RECORDS FOR THE EXERCISE —
■ ■ ■
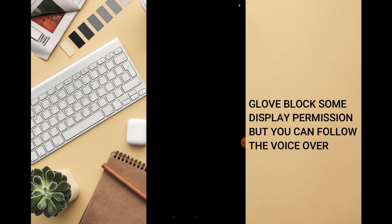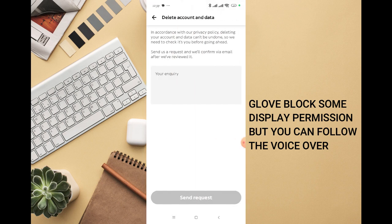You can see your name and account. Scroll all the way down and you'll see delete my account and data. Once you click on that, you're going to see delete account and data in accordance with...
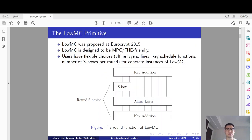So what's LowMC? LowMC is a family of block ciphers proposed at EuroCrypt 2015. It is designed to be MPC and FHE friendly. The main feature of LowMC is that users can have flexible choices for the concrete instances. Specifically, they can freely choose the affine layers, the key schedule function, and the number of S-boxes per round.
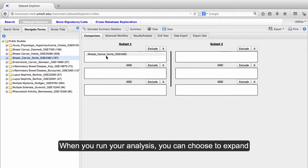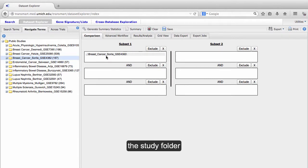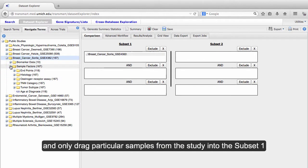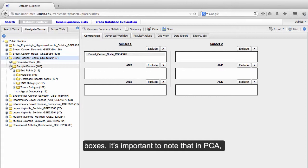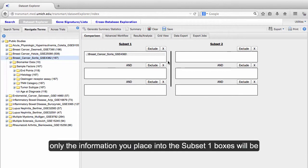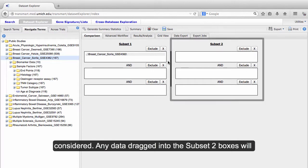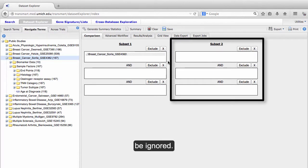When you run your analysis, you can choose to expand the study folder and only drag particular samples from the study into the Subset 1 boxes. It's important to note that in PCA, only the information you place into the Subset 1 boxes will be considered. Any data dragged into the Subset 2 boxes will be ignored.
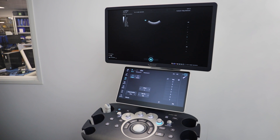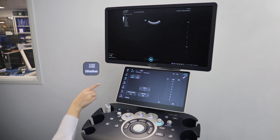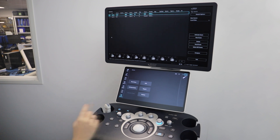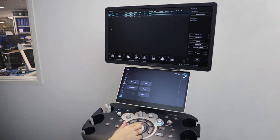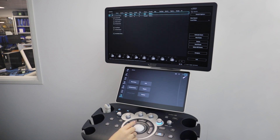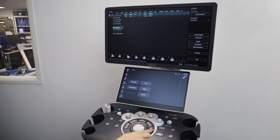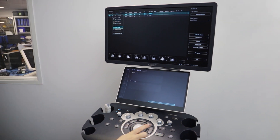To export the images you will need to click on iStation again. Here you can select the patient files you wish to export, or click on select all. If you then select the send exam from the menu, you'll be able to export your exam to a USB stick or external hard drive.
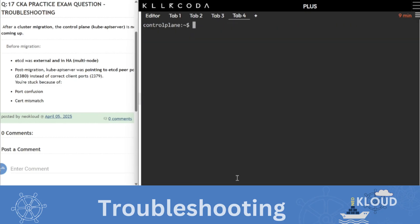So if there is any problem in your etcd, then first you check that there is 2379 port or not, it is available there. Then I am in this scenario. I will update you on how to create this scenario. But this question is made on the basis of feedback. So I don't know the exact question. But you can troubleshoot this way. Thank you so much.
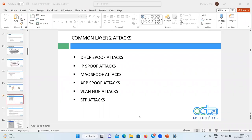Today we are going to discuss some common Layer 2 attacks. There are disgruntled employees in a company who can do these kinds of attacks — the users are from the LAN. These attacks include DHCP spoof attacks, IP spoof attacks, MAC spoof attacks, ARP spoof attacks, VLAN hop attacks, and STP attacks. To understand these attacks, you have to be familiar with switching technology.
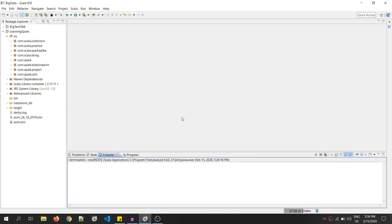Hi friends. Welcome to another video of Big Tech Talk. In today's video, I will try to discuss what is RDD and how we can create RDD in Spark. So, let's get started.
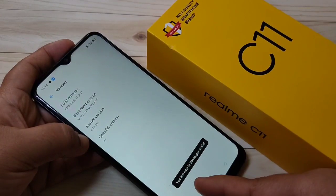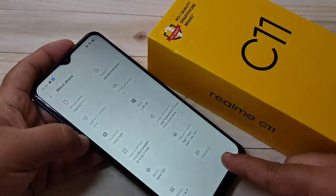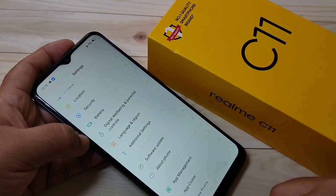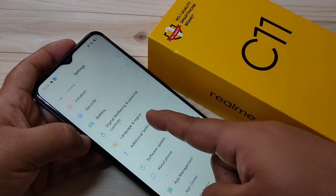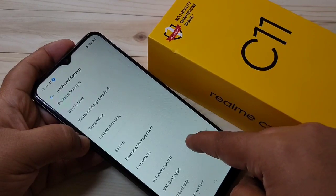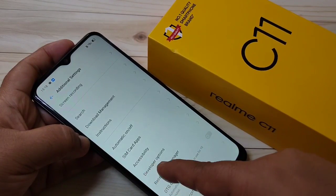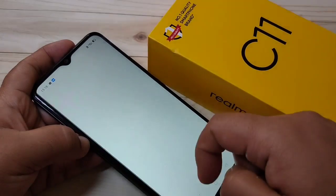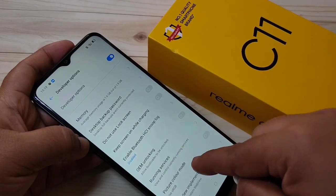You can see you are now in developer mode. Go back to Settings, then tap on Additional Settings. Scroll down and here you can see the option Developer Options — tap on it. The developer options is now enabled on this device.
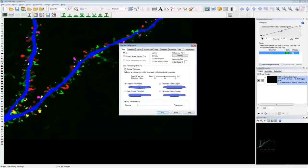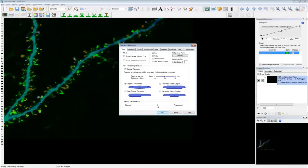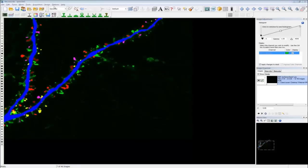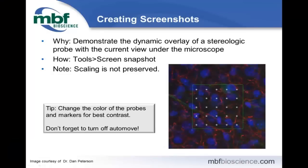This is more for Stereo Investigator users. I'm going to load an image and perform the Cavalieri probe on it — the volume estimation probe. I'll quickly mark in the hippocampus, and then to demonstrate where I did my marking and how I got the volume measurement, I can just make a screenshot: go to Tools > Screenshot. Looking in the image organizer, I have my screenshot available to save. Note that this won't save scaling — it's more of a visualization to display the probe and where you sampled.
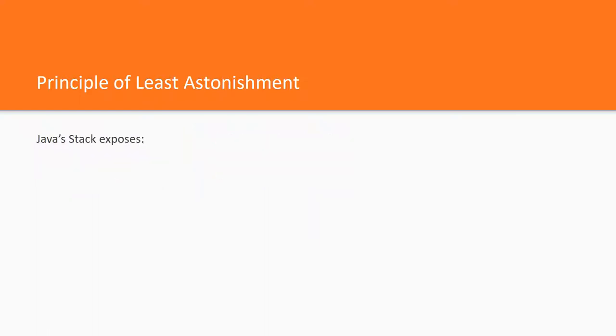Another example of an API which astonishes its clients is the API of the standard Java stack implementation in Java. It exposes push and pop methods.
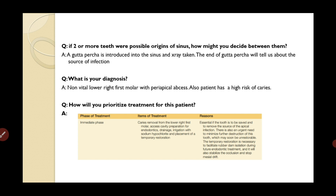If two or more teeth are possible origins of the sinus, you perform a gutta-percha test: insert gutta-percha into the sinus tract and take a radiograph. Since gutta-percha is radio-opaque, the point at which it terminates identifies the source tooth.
■ ■ ■
WHAT THE TASK ASKS — Output a faithful copy of the data, with each picture left out.

SOLUTION TO THE EXERCISE —
You can see your name and account. Scroll all the way down and you'll see delete my account and data. Once you click on that, you're going to see delete account and data in accordance with...
So what's LowMC? LowMC is a family of block ciphers proposed at EuroCrypt 2015. It is designed to be MPC and FHE friendly. The main feature of LowMC is that users can have flexible choices for the concrete instances. Specifically, they can freely choose the affine layers, the key schedule function, and the number of S-boxes per round.
When you run your analysis, you can choose to expand the study folder and only drag particular samples from the study into the Subset 1 boxes. It's important to note that in PCA, only the information you place into the Subset 1 boxes will be considered. Any data dragged into the Subset 2 boxes will be ignored.
To export the images you will need to click on iStation again. Here you can select the patient files you wish to export, or click on select all. If you then select the send exam from the menu, you'll be able to export your exam to a USB stick or external hard drive.
So if there is any problem in your etcd, then first you check that there is 2379 port or not, it is available there. Then I am in this scenario. I will update you on how to create this scenario. But this question is made on the basis of feedback. So I don't know the exact question. But you can troubleshoot this way. Thank you so much.
Today we are going to discuss some common Layer 2 attacks. There are disgruntled employees in a company who can do these kinds of attacks — the users are from the LAN. These attacks include DHCP spoof attacks, IP spoof attacks, MAC spoof attacks, ARP spoof attacks, VLAN hop attacks, and STP attacks. To understand these attacks, you have to be familiar with switching technology.
Hi friends. Welcome to another video of Big Tech Talk. In today's video, I will try to discuss what is RDD and how we can create RDD in Spark. So, let's get started.
You can see you are now in developer mode. Go back to Settings, then tap on Additional Settings. Scroll down and here you can see the option Developer Options — tap on it. The developer options is now enabled on this device.
This is more for Stereo Investigator users. I'm going to load an image and perform the Cavalieri probe on it — the volume estimation probe. I'll quickly mark in the hippocampus, and then to demonstrate where I did my marking and how I got the volume measurement, I can just make a screenshot: go to Tools > Screenshot. Looking in the image organizer, I have my screenshot available to save. Note that this won't save scaling — it's more of a visualization to display the probe and where you sampled.
Another example of an API which astonishes its clients is the API of the standard Java stack implementation in Java. It exposes push and pop methods.
If two or more teeth are possible origins of the sinus, you perform a gutta-percha test: insert gutta-percha into the sinus tract and take a radiograph. Since gutta-percha is radio-opaque, the point at which it terminates identifies the source tooth.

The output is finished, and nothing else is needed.